Sur invitation du consortium Centre pour la gouvernance démocratique (CGD), Diakonia, NDI et Pax, le Colonel Auguste Denise Barry, expert en sécurité, a donné une communication le mercredi 14 décembre 2022, sur le thème : « État des lieux des accords de coopération internationale, déterminants et enjeux ».
Abordant la question de la coopération internationale, l’expert en sécurité a rappelé que sur le plan international, le Burkina Faso entretient un certain nombre d’accords avec plusieurs puissances et cela, dit-il, dans plusieurs domaines dont celui militaire. Selon ses explications, le Burkina a, par exemple, des accords avec les États-Unis, la Chine, la Russie, la Turquie, l’Allemagne, le Royaume-Uni, l’Arabie Saoudite, le Quatar, l’Egypte, la République Tchèque et bien d’autres.

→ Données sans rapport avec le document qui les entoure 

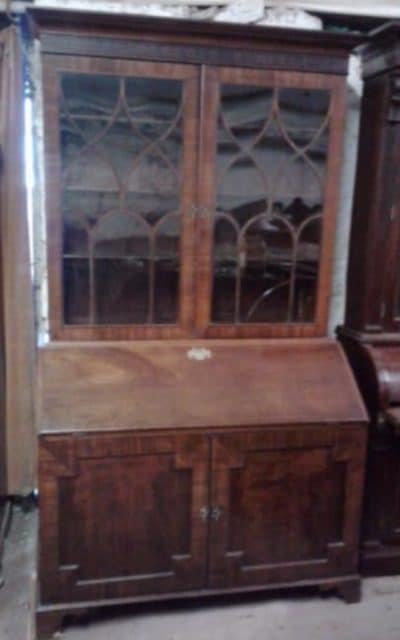  Georgian Mahogany Bureau Bookcase 18th Cent Antique Bookcases 4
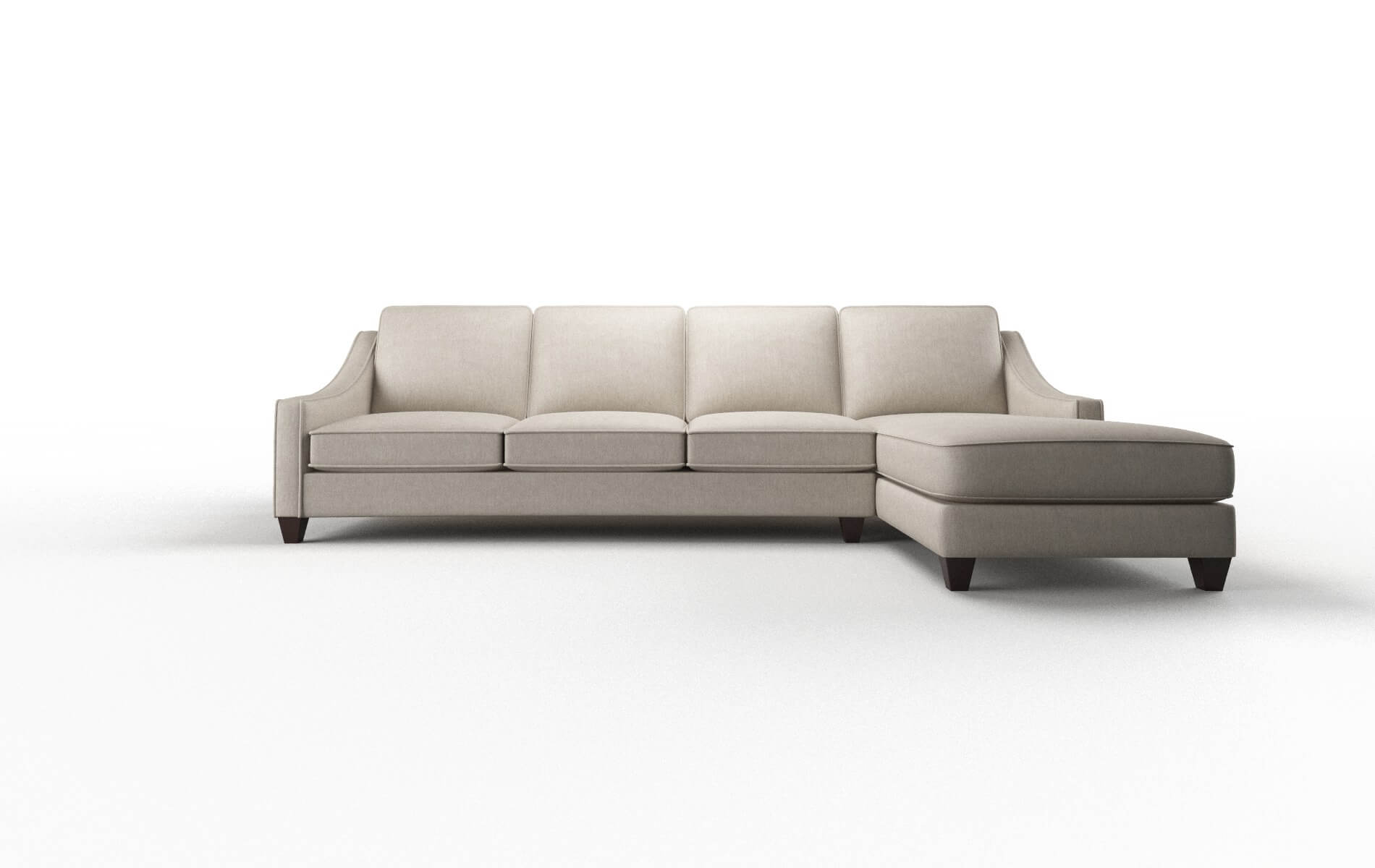 Sanda Derby Linen Panel espresso legs 1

Ces accords interviennent aussi bien dans le domaine économique, alimentaire, humanitaire que dans le domaine militaire, le tout encadré par la charte des Nations unies. Ces accords ont pour la plupart du temps été motivés, de ses dires, par des intérêts d’ordre économiques, liés à la formation militaire, aux équipements militaires et bien d’autres. « Nous avons 19 attachés de défense qui sont basés dans les missions diplomatiques sur les 37 que compte notre pays et nous avons 6 attachés de défense basés à Ouaga. Les autres sont basés ailleurs mais accrédités au Burkina », a-t-il confié.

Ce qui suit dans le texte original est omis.